**The problem**
Print the lines of the listing below verbatim from its first line through the line bearing "愤怒！大熊猫福菀被游客泼水后委屈躲角落，7个月大的它，其实......". Any pictures are to be omitted.

Records shown below:

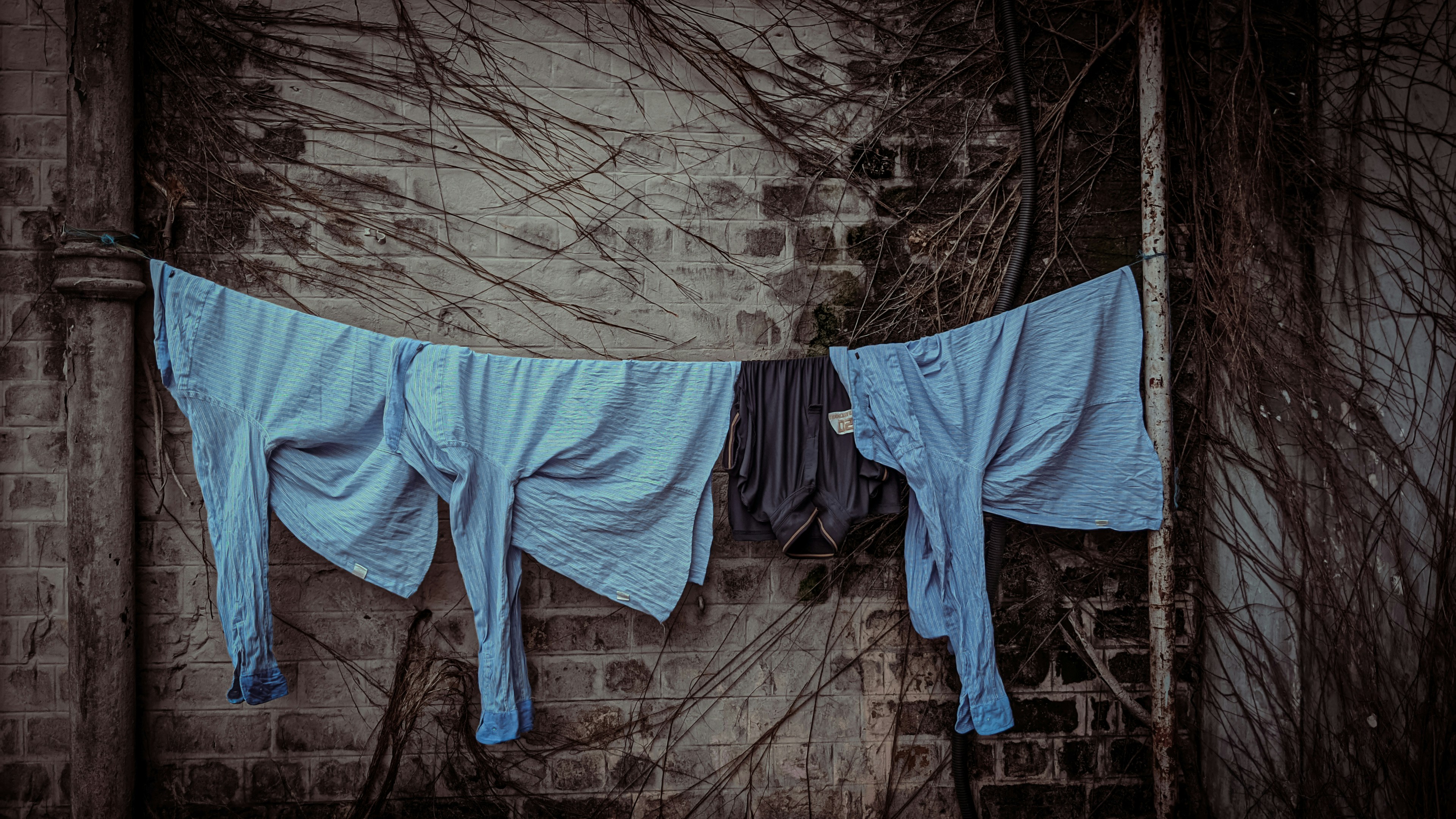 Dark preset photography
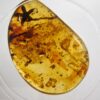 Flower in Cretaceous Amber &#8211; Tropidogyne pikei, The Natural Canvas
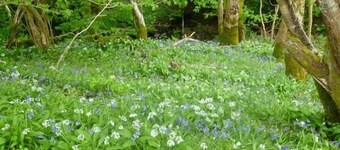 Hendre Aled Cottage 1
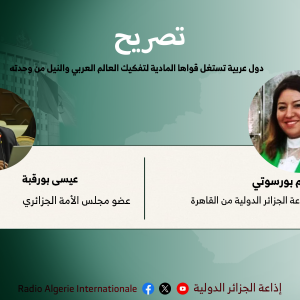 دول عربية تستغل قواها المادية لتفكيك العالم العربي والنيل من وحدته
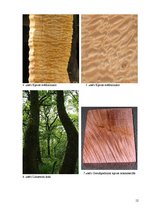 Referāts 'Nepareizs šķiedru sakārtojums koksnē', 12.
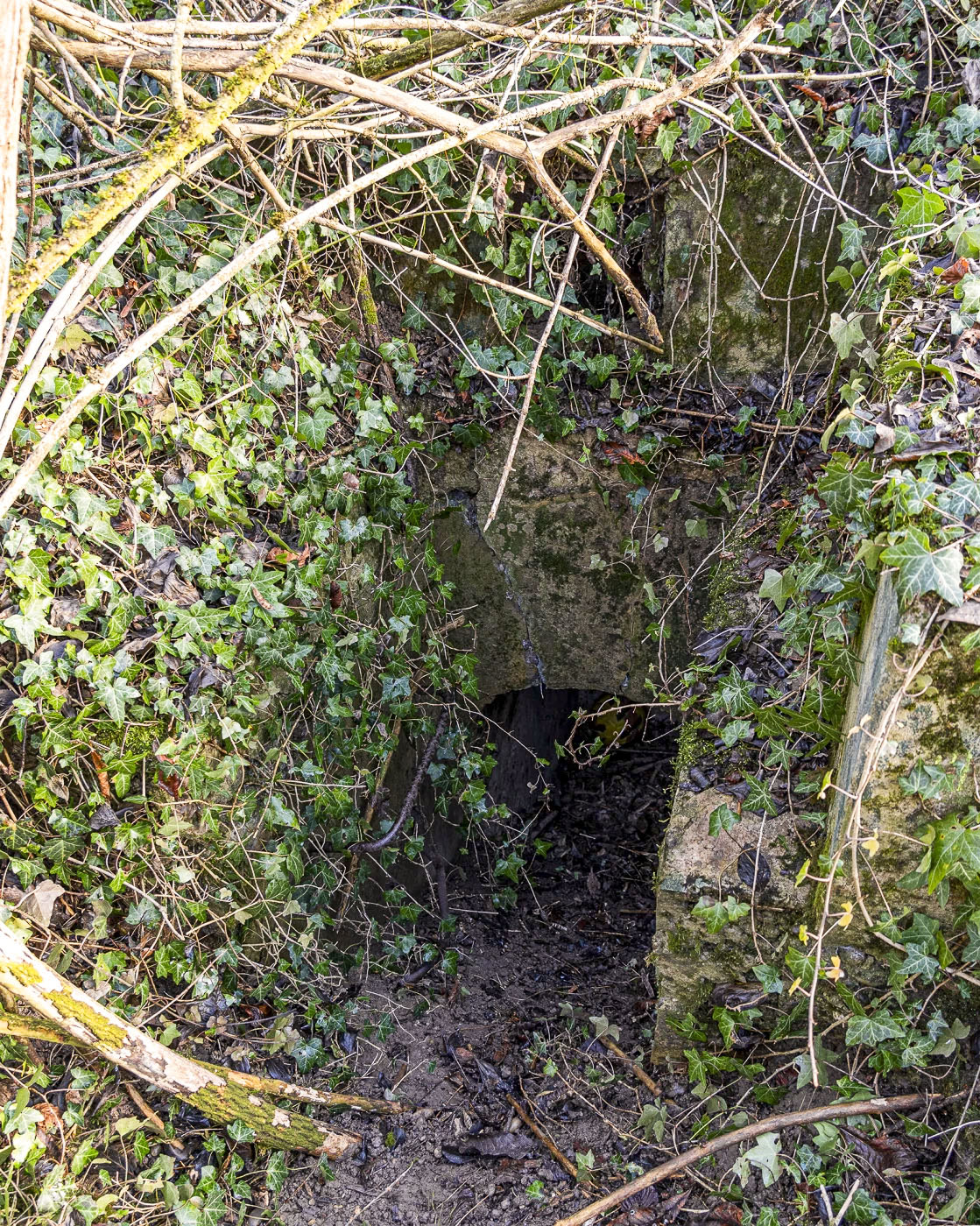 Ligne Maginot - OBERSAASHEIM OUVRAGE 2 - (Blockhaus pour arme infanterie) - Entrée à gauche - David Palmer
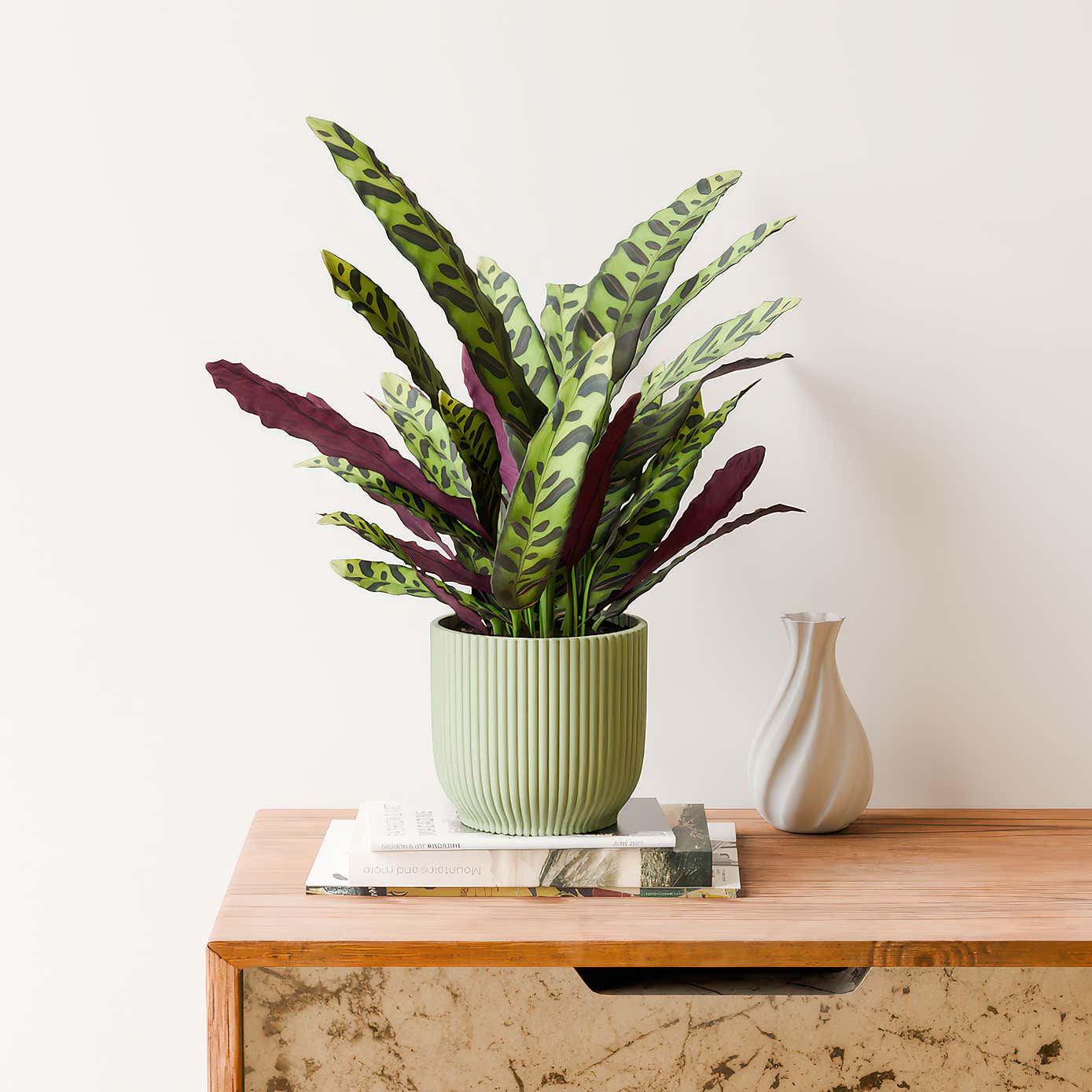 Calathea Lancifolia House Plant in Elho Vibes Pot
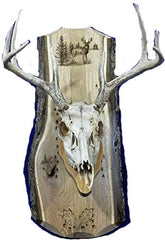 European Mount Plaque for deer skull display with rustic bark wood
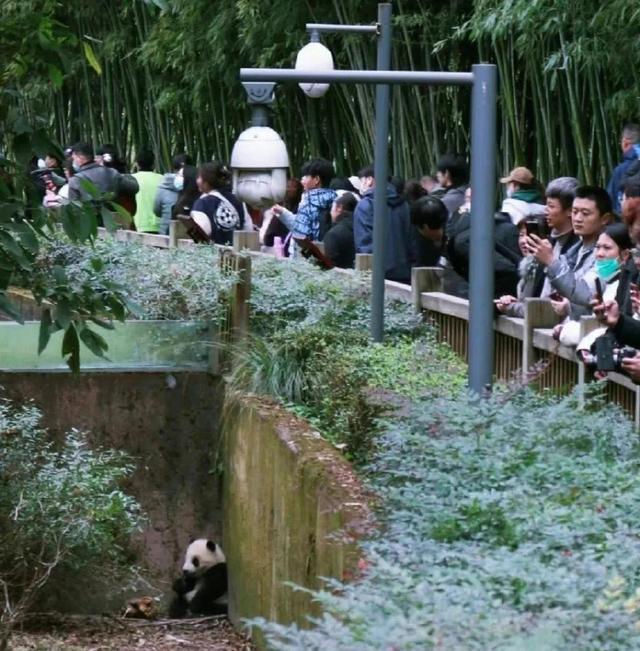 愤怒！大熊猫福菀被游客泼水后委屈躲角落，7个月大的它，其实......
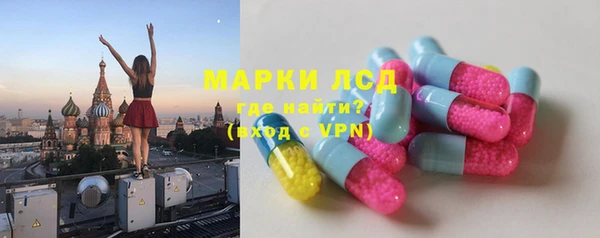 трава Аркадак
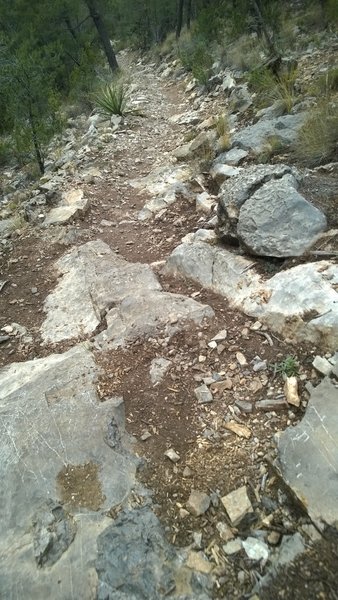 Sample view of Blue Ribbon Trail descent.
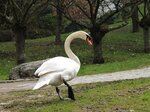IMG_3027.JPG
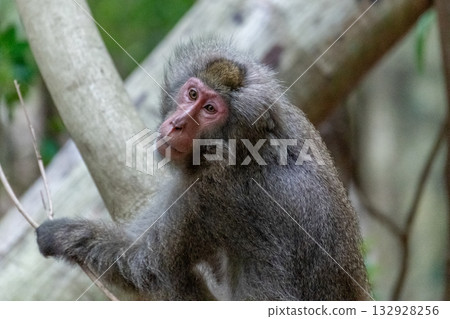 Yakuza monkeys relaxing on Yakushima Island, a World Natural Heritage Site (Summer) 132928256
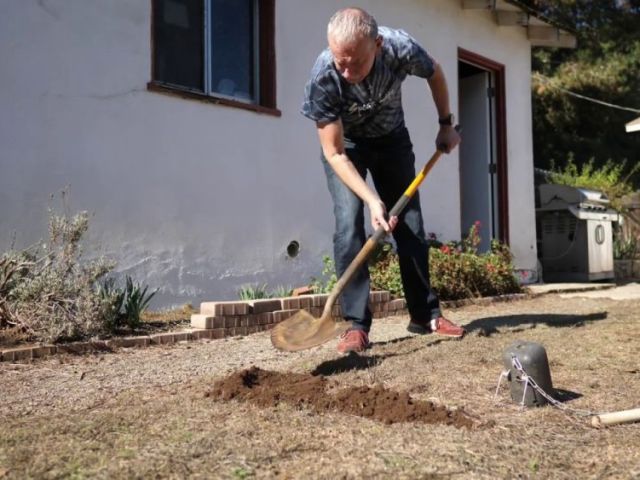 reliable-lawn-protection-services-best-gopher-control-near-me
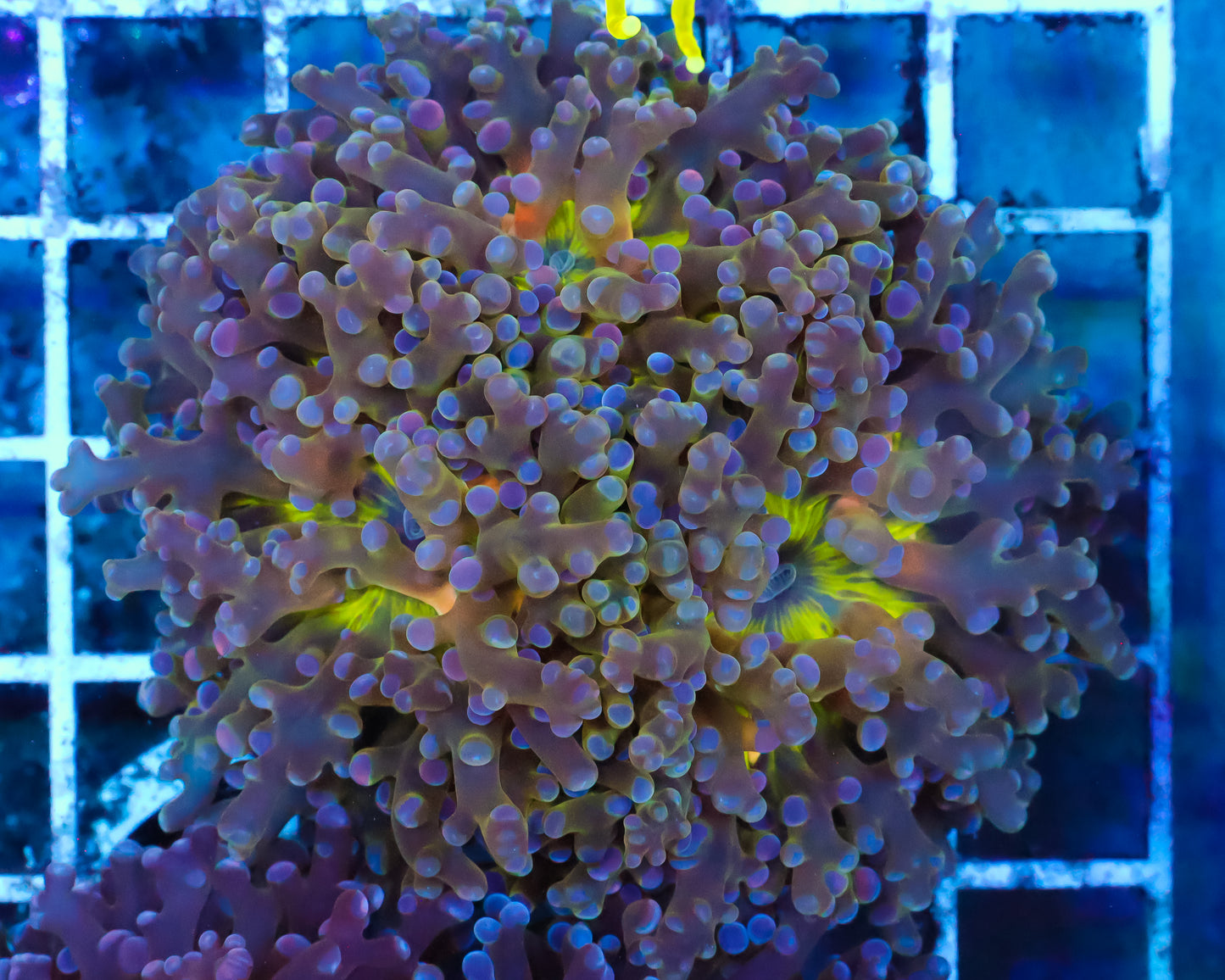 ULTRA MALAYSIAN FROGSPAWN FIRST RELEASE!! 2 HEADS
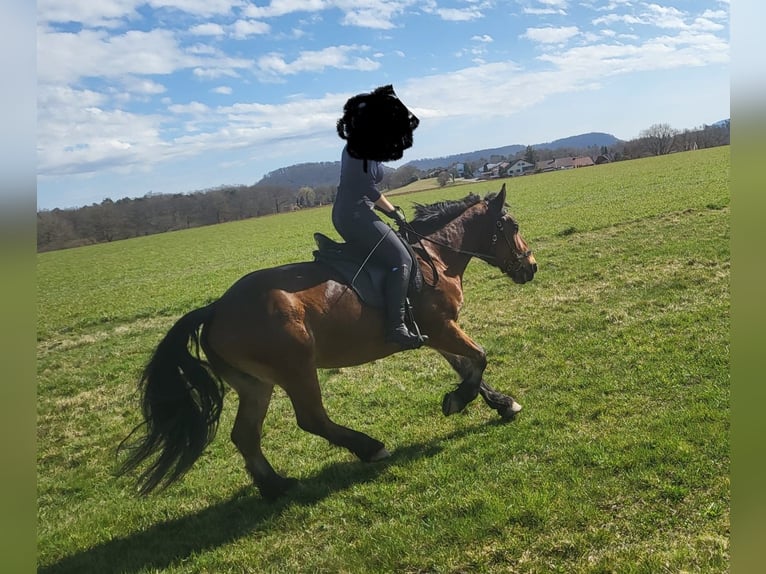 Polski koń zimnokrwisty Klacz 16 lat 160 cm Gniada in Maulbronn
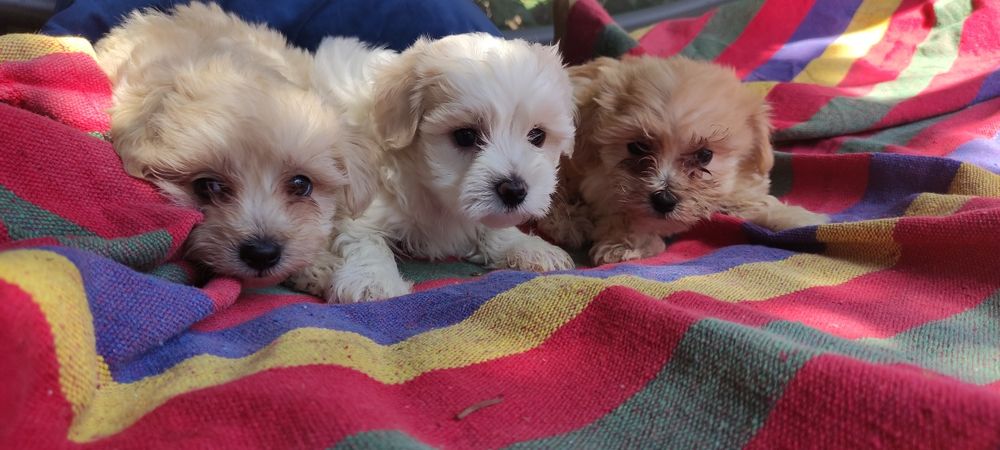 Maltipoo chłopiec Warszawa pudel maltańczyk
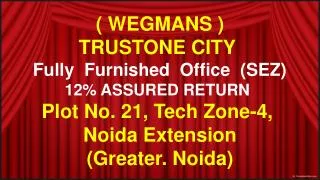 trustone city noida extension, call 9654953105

End of Records shown.

**Task answer**
 Dark preset photography
 Flower in Cretaceous Amber &#8211; Tropidogyne pikei, The Natural Canvas
 Hendre Aled Cottage 1
 دول عربية تستغل قواها المادية لتفكيك العالم العربي والنيل من وحدته
 Referāts 'Nepareizs šķiedru sakārtojums koksnē', 12.
 Ligne Maginot - OBERSAASHEIM OUVRAGE 2 - (Blockhaus pour arme infanterie) - Entrée à gauche - David Palmer
 Calathea Lancifolia House Plant in Elho Vibes Pot
 European Mount Plaque for deer skull display with rustic bark wood
 愤怒！大熊猫福菀被游客泼水后委屈躲角落，7个月大的它，其实......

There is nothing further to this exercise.